DATA EXTRACT:
[Start of Attachment]

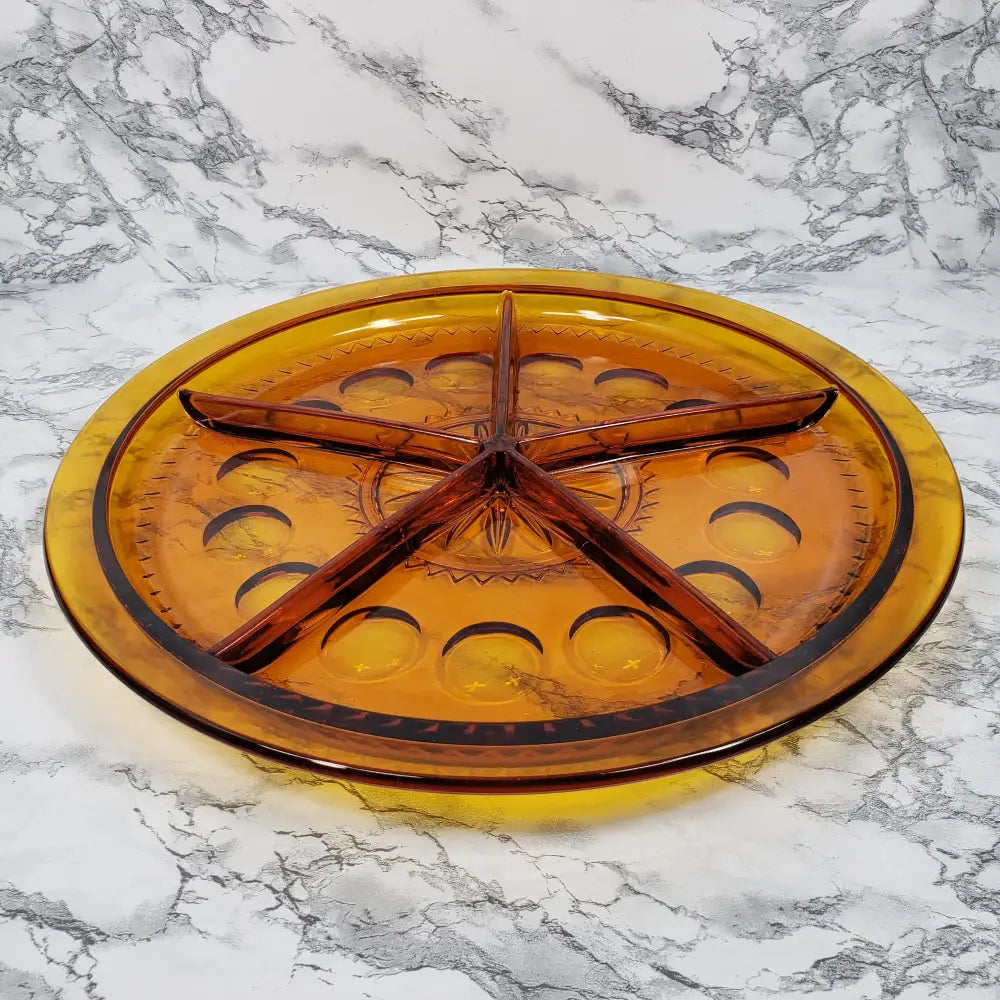 Rare 14 Indiana Amber Kings Crown Thumbprint Serving Tray Vintage Collectibles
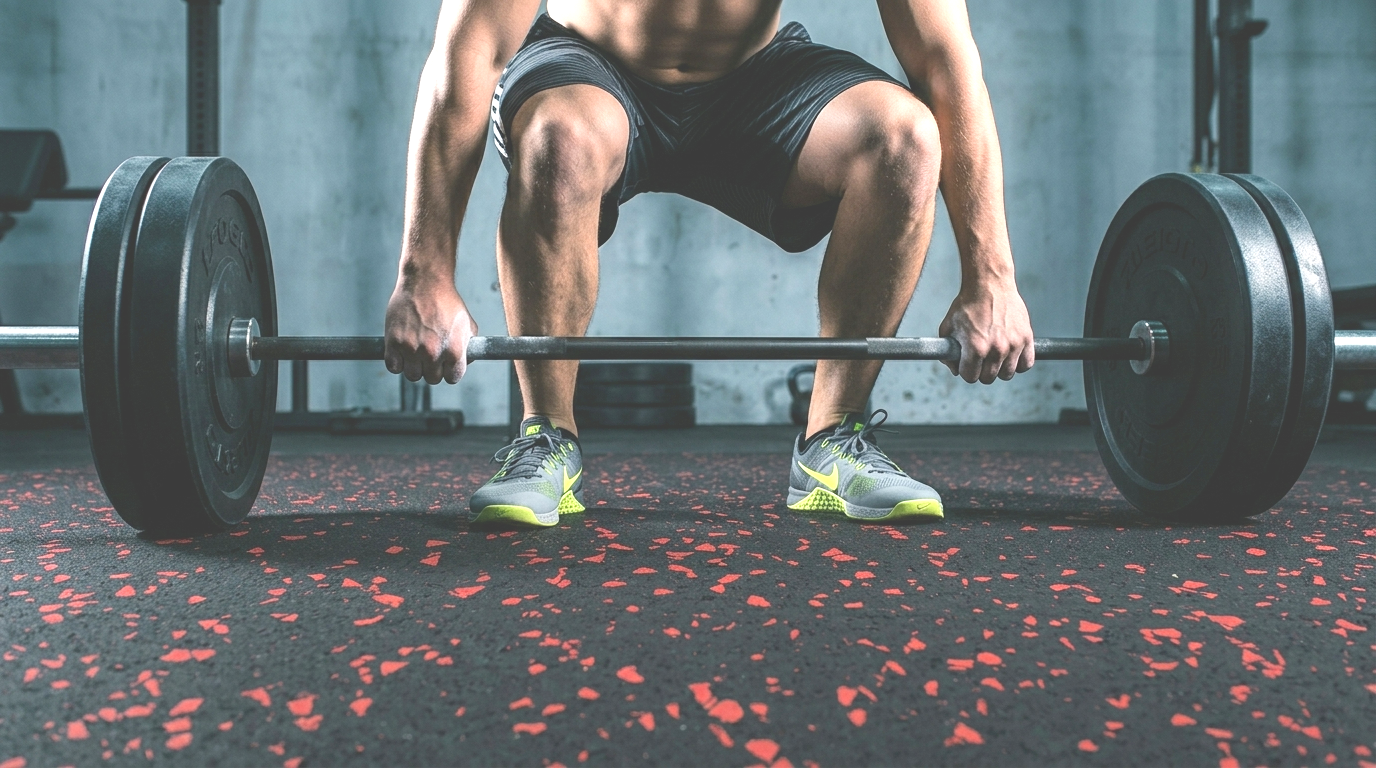 A person lifting a barbell with weights in a gym.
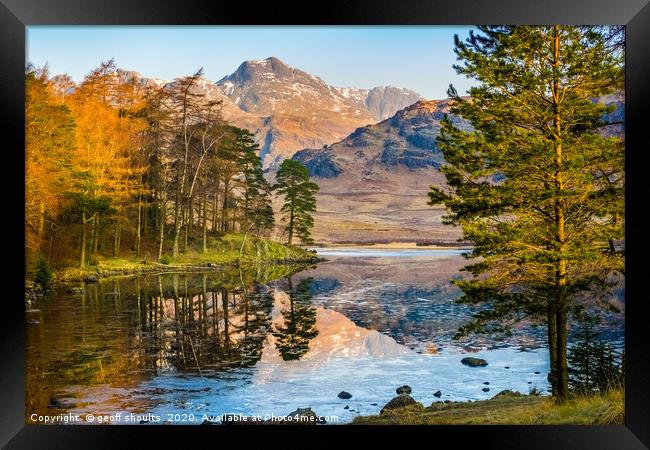 Blea Tarn and The Langdale Pikes Framed Print by geoff shoults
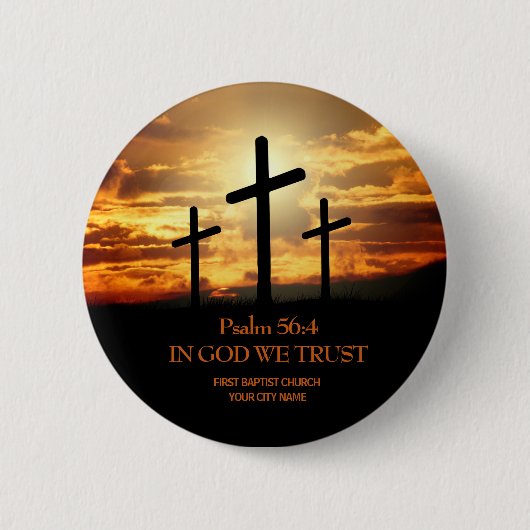 Badge Rond 5 Cm Bouton Église chrétienne à trois croix (Devant)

[End of Attachment]

WHAT IS REQUIRED: Reproduce the listing above exactly, excluding all pictures.

TASK ANSWER:
 Rare 14 Indiana Amber Kings Crown Thumbprint Serving Tray Vintage Collectibles
 A person lifting a barbell with weights in a gym.
 Blea Tarn and The Langdale Pikes Framed Print by geoff shoults
 Badge Rond 5 Cm Bouton Église chrétienne à trois croix (Devant)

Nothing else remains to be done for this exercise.